* _Work instruction_: Beginning at the line that contains "1er Mülltonnenbox aus" and finishing at the line that contains "Congrats Grad Backdrop", output the data below exactly. Include both end lines and no pictures.

* _Dataset extract_:

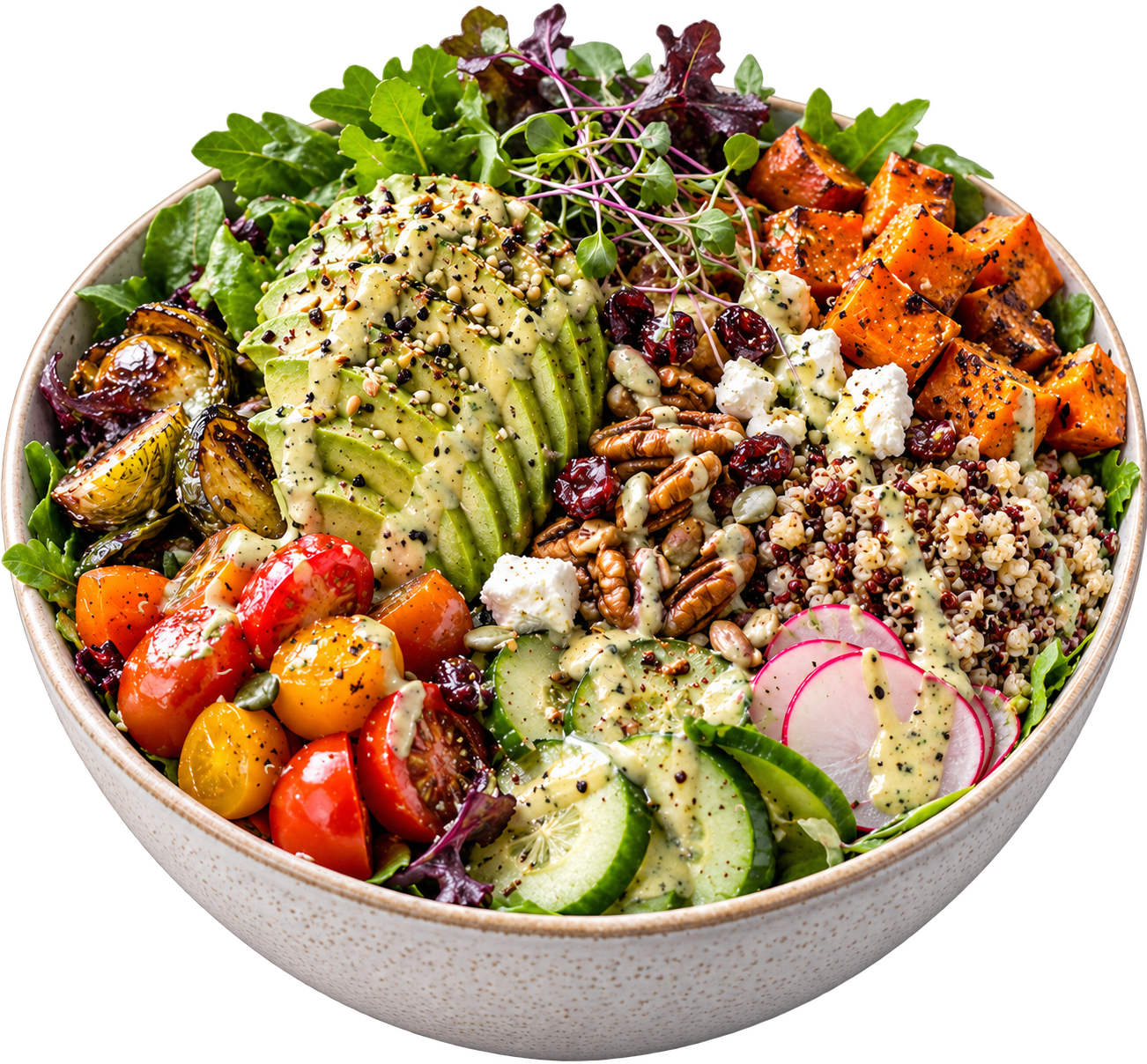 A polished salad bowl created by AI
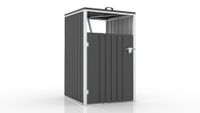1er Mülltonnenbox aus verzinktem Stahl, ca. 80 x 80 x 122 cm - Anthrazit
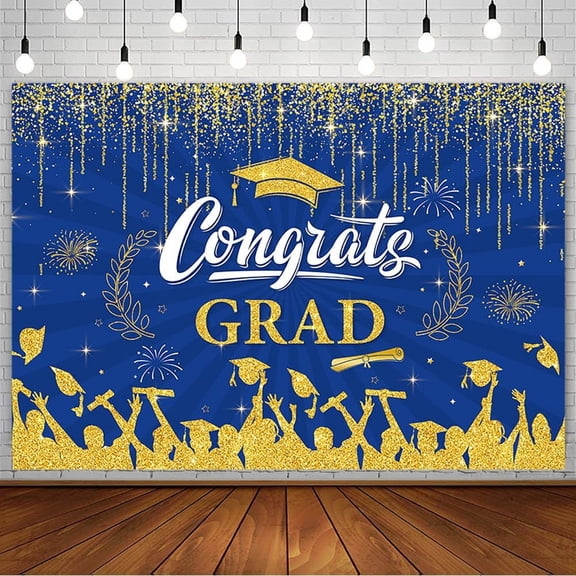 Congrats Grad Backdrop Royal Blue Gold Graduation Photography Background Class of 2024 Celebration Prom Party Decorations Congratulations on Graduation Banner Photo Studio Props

==

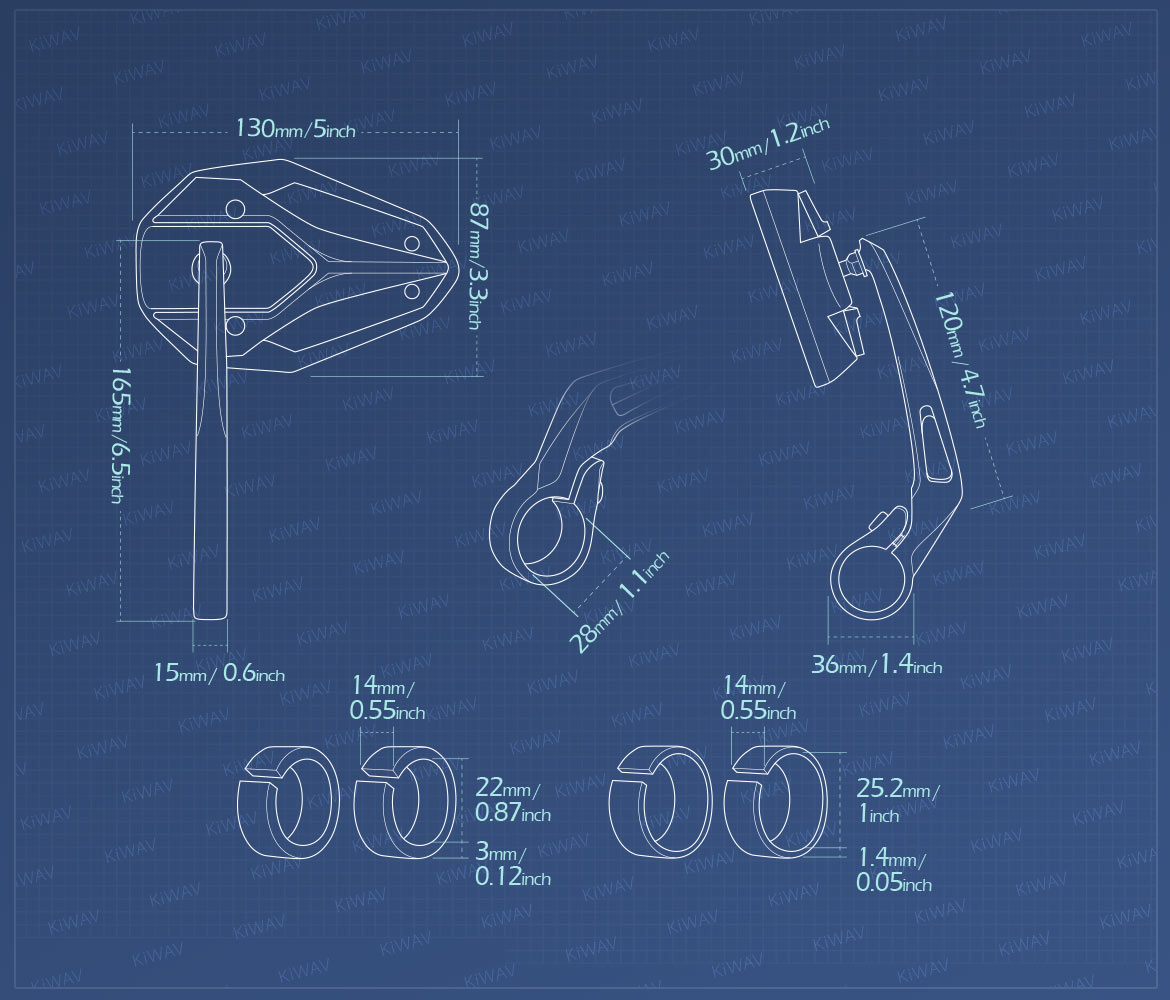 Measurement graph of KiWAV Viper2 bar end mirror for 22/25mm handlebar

* _Your solution_:
1er Mülltonnenbox aus verzinktem Stahl, ca. 80 x 80 x 122 cm - Anthrazit
 Congrats Grad Backdrop Royal Blue Gold Graduation Photography Background Class of 2024 Celebration Prom Party Decorations Congratulations on Graduation Banner Photo Studio Props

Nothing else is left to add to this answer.